Amnesty takes center stage at November’s Hot Spots event.

Dan Sayles
Sports Editor

The Hot Spots series continued Thursday as the University of La Verne debate team took on the issue of whether amnesty should be given to immigrants who live in the United States and have not passed the citizenship exam.

The event titled, “This House Believes That Amnesty Should be Given to Illegal Immigrants,” was held in the President’s Dining Room.

One team was labeled as the “Government,” included debaters Ryan Mansell, Thomas Allison and Josh Martin who argued in favor of granting amnesty.

The opposite team, Briana Pride, Brittany Lokar and Corey Teter argued for denying amnesty to illegal immigrants, saying that legal immigration is ideal.

Mansell began the debate on behalf of the “Government” by painting a scene of a hard working illegal immigrant whose tireless effort is besieged with things such as crime.

He argued that the immigrant would be unable to call the police out of fear of being deported, and as a result, turn to crime through gangs to receive protection.

Lokar countered this belief, by asserting that amnesty cheapens the effort and work of the people who entered this country legally, and undermines the national pride of the country.

“When people are assimilated, that is when we have an increase in participation and a decrease in crime,” Lokar said. “This is a group of people who ignore a process that others took the time to do.”

Lokar also drew a distinction between being anti-immigration and anti-illegal immigration.

She also articulated the differences between the two classes of immigrants.

“What this leads to is resentment and animosity,” Lokar said.

“We’re pro-immigration when done correctly,” she added.

As soon as Lokar finished, Martin took the floor and countered his peer, disagreeing with Lokar’s notion of nationalism, equating it to discrimination and an abuse of a power structure that was already stacked against illegal immigrants.
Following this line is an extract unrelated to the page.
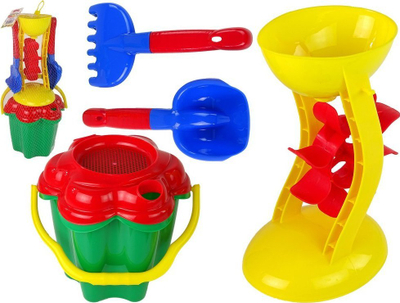 Set lodrash me rërë Hemar Family Flower With Mill, 5 copë, për plazh dhe vaskë, shumëngjyrësh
Martin added an example of how amnesty can benefit the nation as a whole in the form of taxes paid.

“For their sake, they have access to police, hospitals, education, and for our sake, we have their taxes,” Martin said.

Pride, on the side of the opposition, put forth her take on the issues at hand, contesting with the “Government” side.

“Why are we willing to spend money on people who break our laws?” Pride said.

“I shouldn’t have to feel guilty about being born in the United States,” Pride said in retort to Allisons question on where she was born.

Both sides were able to contend and refute information brought forth by the opposing side, though some members of the audience thought the “Government” had the upper hand.

“Gotta give it to the government,” said Sam French, ULV freshman who attended the debate.

“The opposition was putting a spin on whatever the government said,” said Ramirez, a junior speech communication major.

The debate team is headed by Adrian Lising, assistant professor of speech and debate.

Hot Spots is headed by Kenneth Marcus, associate professor of history and director of the International Studies Institute.